Actually, he'll run against Bush no matter who the Republicans nominate in Tampa. That's according to "Beltway" Bob Gibbs, anyway who touched on the subject at Monday's Obama worship service for the White House press corpse (typo intentional):
Both the congressional campaign this year and the 2012 presidential race will feature talk "about the direction that this country is going to go," Gibbs said.Letr us get this straight. Whenever high unemployment, the mountain of U.S. debt, the collapse of the housing market, dwindling factory orders, the Gulf Oil Disaster, Democrats stuck on spending, a federal government completely out of touch with its citizens and in the fast lane to socialism, Obama's argument is going to be that it's all Bush's fault?

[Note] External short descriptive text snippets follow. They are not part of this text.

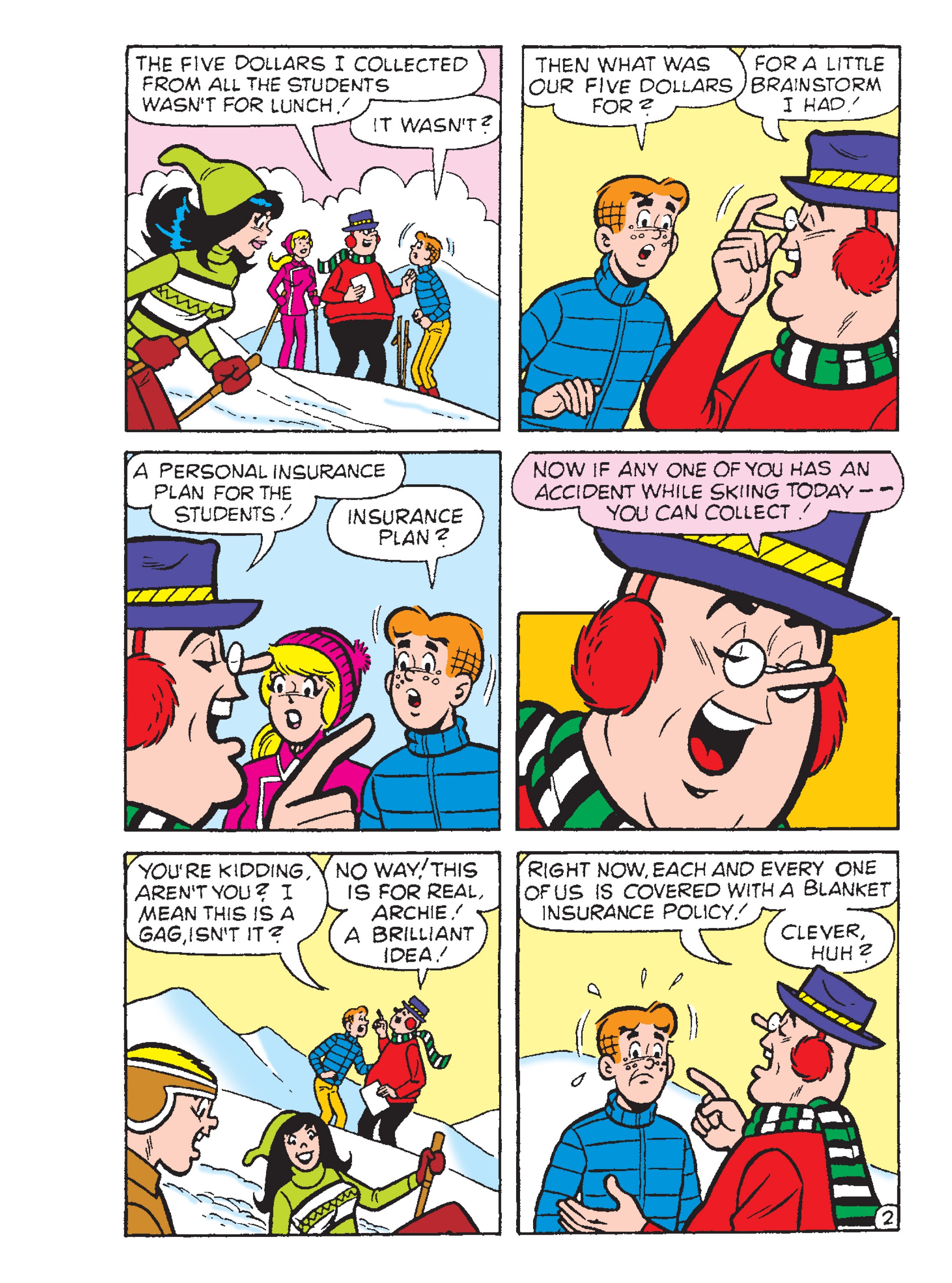 Read online Archie's Double Digest Magazine comic -  Issue #306 - 30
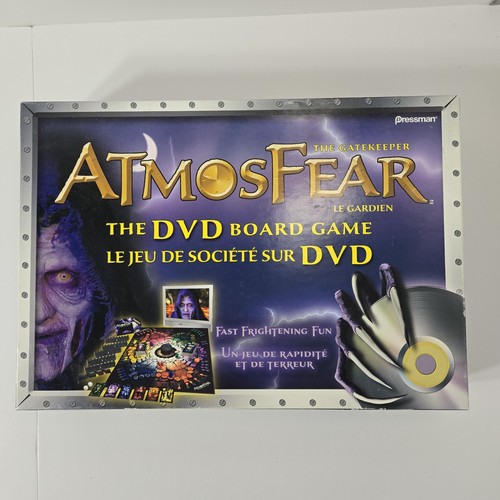 Atmosfear dvd video board - -,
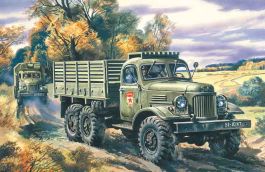 ICM 1/72 ZiL-157, Army Truck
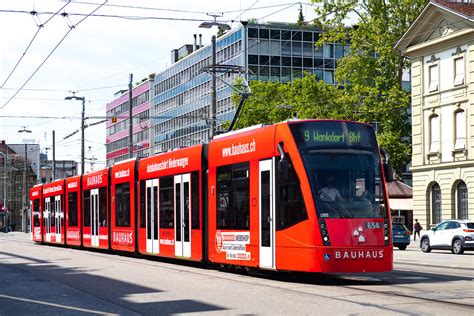 BernMobil Tram Siemens Combino XL Be 6 8 651 Bern Bahnhof Markus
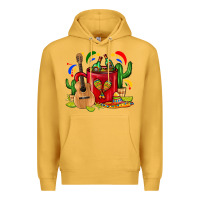 Mustard Mexico Coffee Mug Premium Hoodie - FaDigitalArtStudio
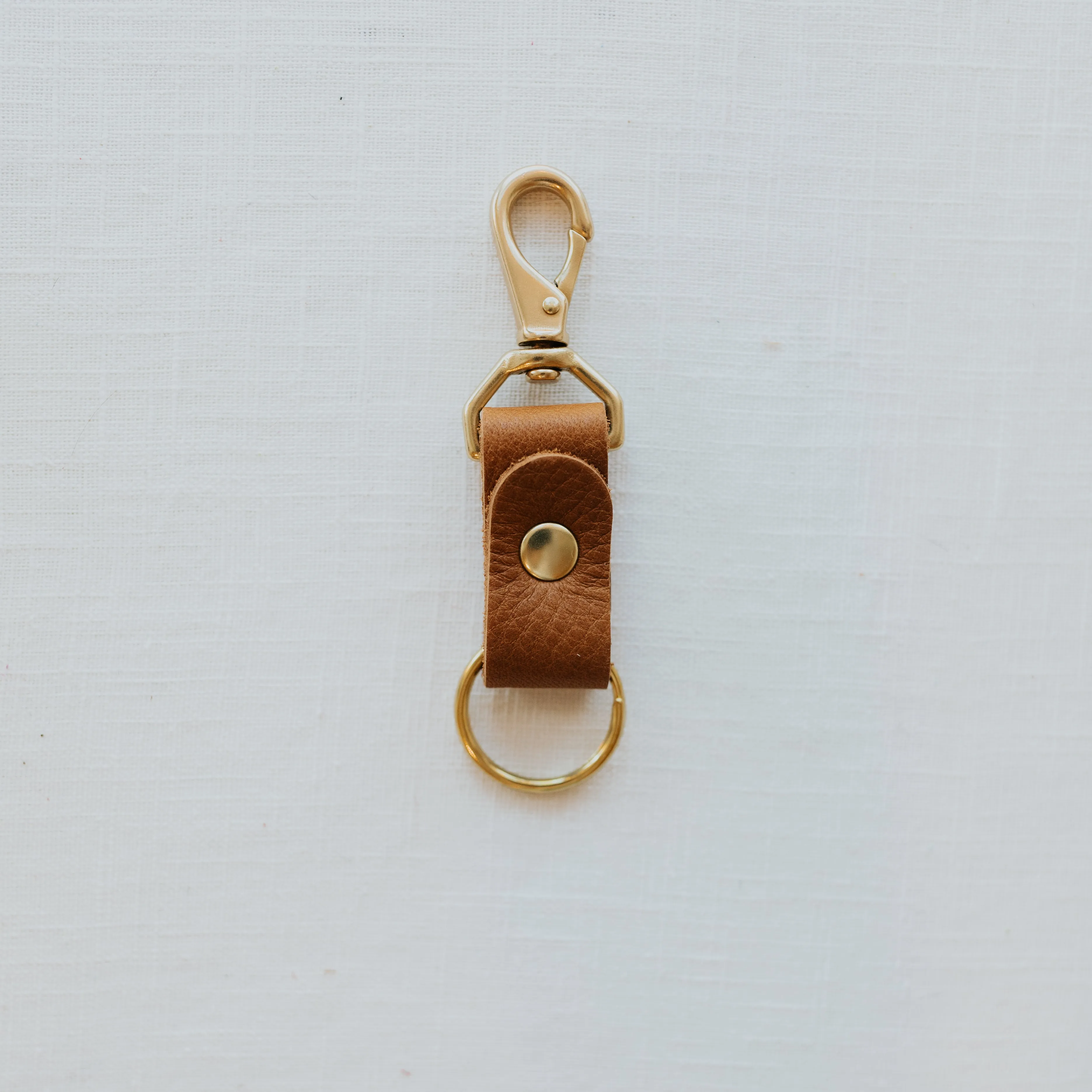 Leather Keychain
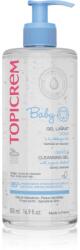 TOPICREM BABY My 1st Cleansing Gel 2in1 gel de duș pentru corp și păr pentru nou-nascuti si copii 500 ml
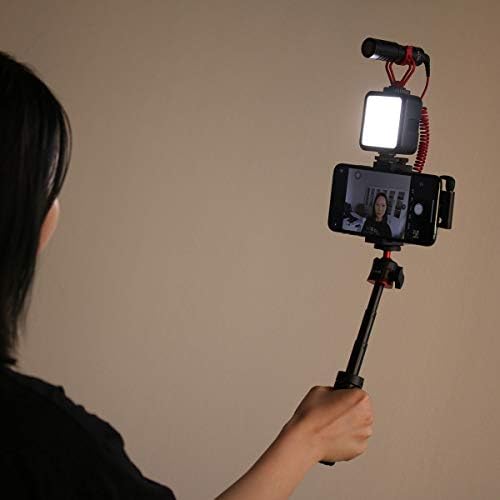 Ulanzi MT-08 Stativo, mini selfiec Stick stajalište drška za web kameru iPhone 11 pro max samsung smartphone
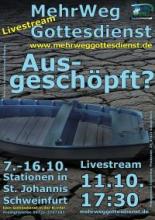 Boot auf ausgetrocknetem See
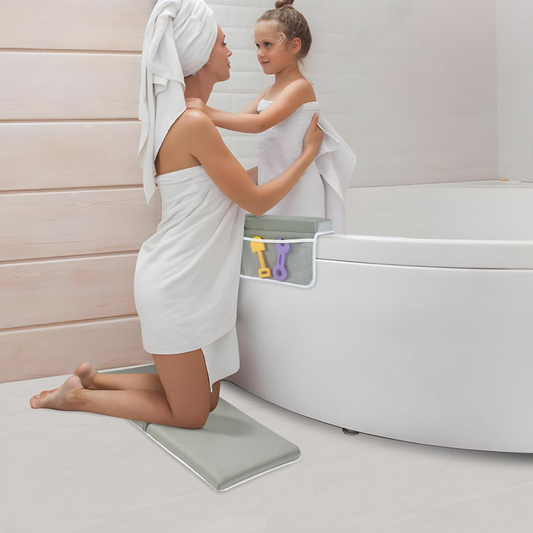Make Bath Time a Breeze: The Benefits of a Knee and Elbow Pad Rest Set
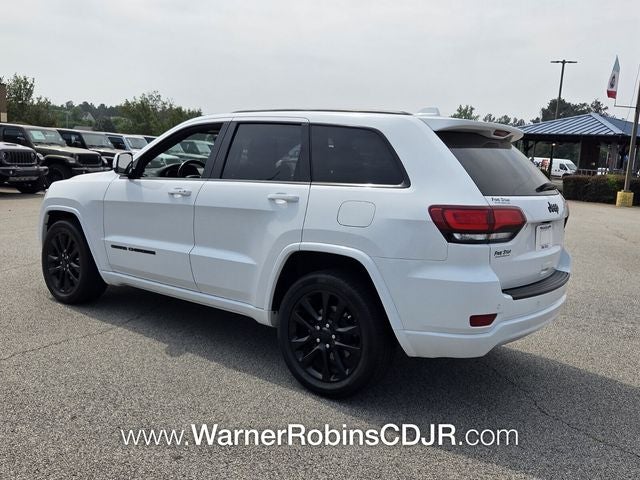 2020 Jeep Grand Cherokee Altitude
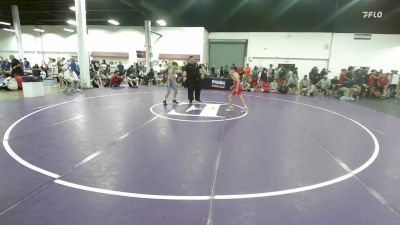 92 lbs Cole Lemberg, Illinois vs Chase VanPortfliet, Michigan Blue
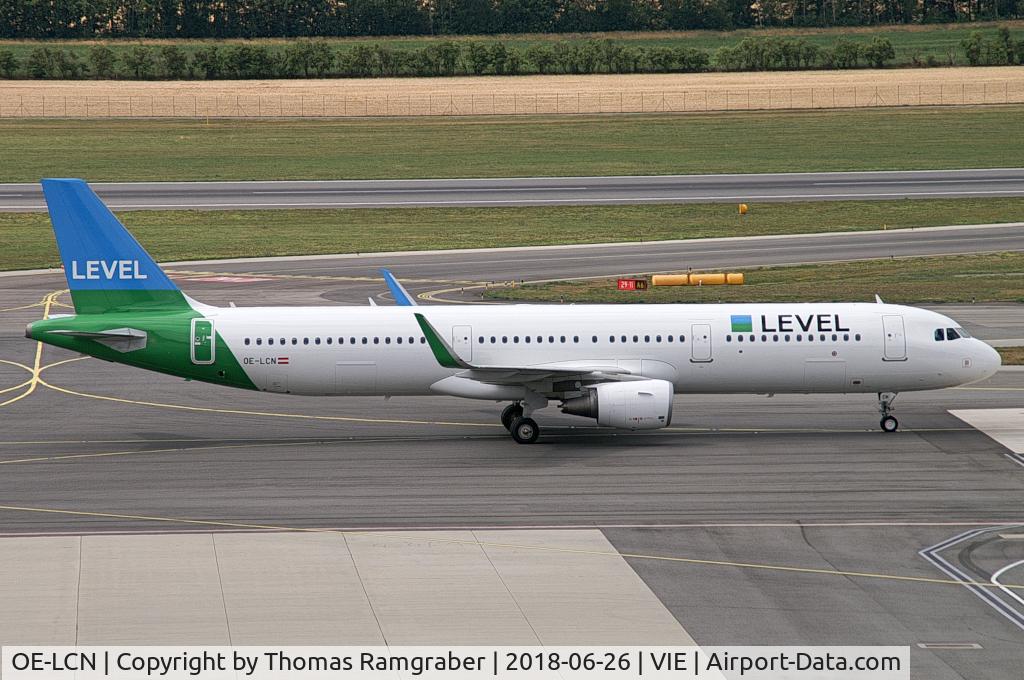 OE-LCN, 2015 Airbus A321-211 C/N 6454, Level (Anisec) Airbus A321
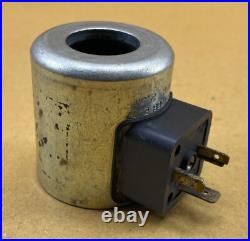 Rexroth Solenoid Coil Valve 12VDC R900021388 E407 2,5A Hydraulic Directional Rexroth Solenoid Coil Valve 12VDC R900021388 E407 2,5A Hydraulic Directional
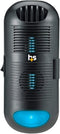 HealthSmart Air Purifier and Air Sanitizer with UVC Ultraviolet Light, Cleans up to 300 Square Feet, Black, 1 Count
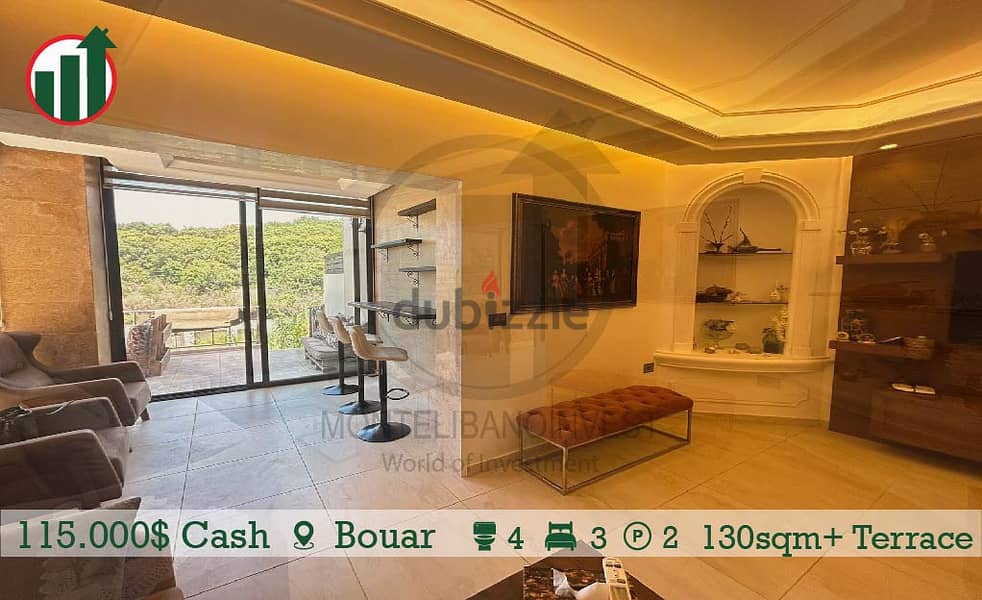 Apartment for Sale in Bouar with Terrace !! 2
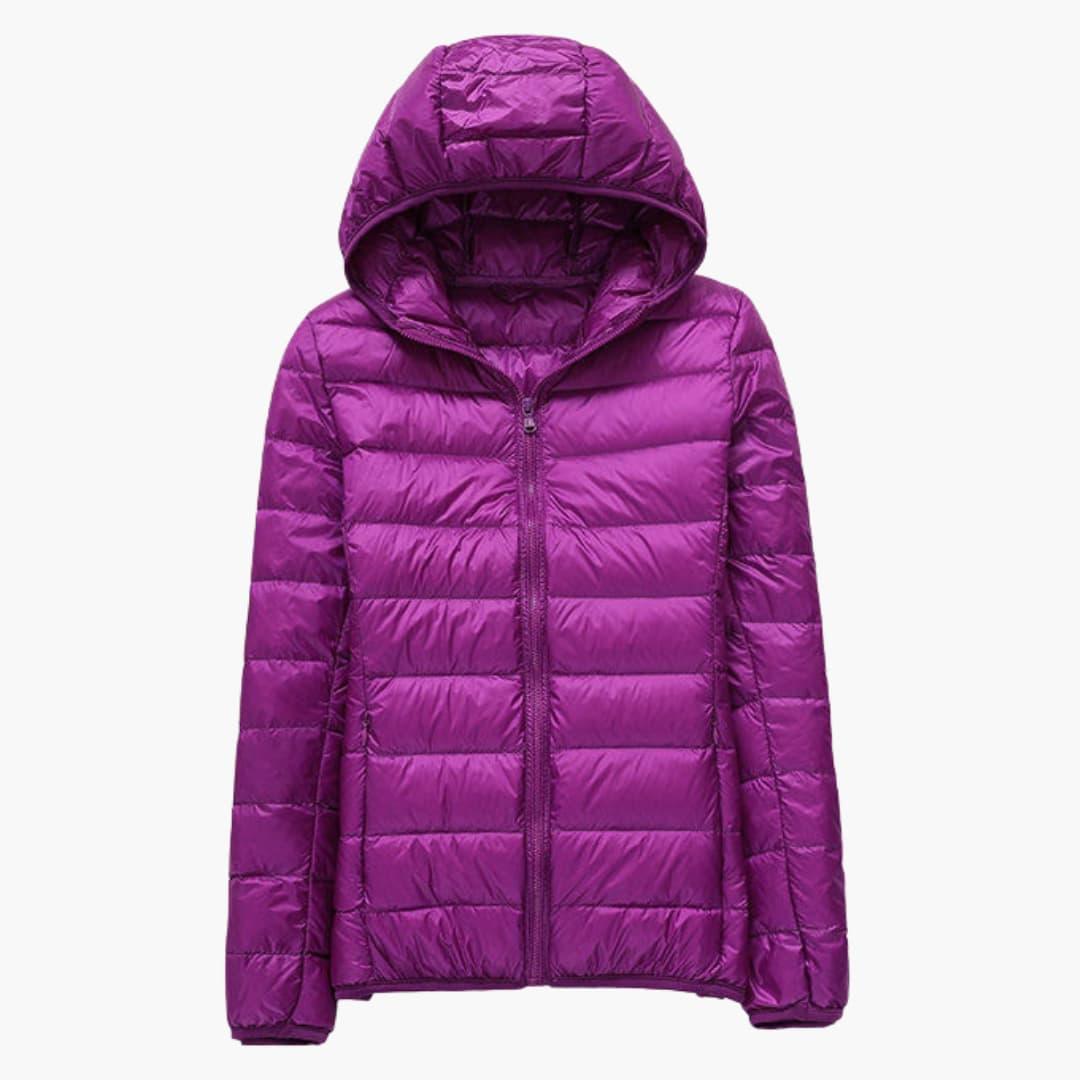 Ladies Insulated Parka with Hood
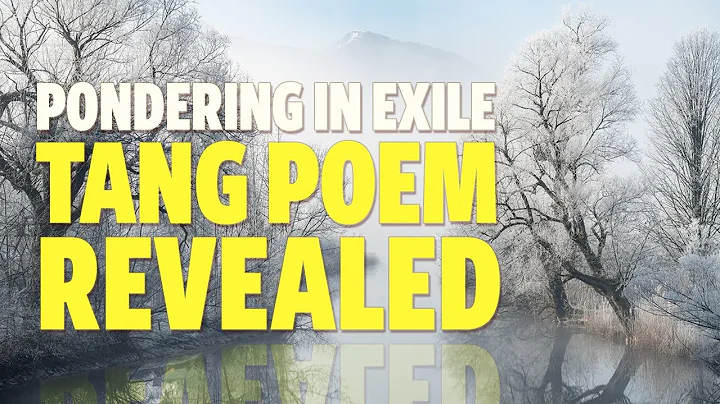 Chinese Poem: "Snow River" 江雪 Jiang Xue | Tang Dynasty Poet Liu Zongyuan | Learn Chinese Now - DayDayNews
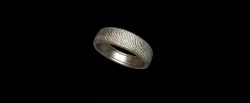 Lizard Skin Ring 3D print model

"You're going to get an opportunity to think about whether we're going to go back to what we came from or that we're going to go forward," Gibbs said. "And that's a debate I think the President and many here are anxious to have."
Gibbs spoke after declining to comment specifically on Palin's new "Mama Grizzlies" ad, which, along with the $1 million-plus raised by her political action committee, has rekindled talked of a Palin-for-President campaign.
Palin and other Republican possibilities -- including Mitt Romney, Tim Pawlenty, and Mike Huckabee -- are busy stumping for their party's candidates in the fall congressional and gubernatorial campaigns. So is Obama, who is lining up a string of appearances leading into the Nov. 2 election.
Somehow we don't think the voters will go for it. They've still got buyers' remorse over the 2006 and 2008 elections. Hopefully, the Dems will stick with the strategy until at least November 2, 2012 even after it fails in this year's midterms. Learning from history isn't the left's strong suit.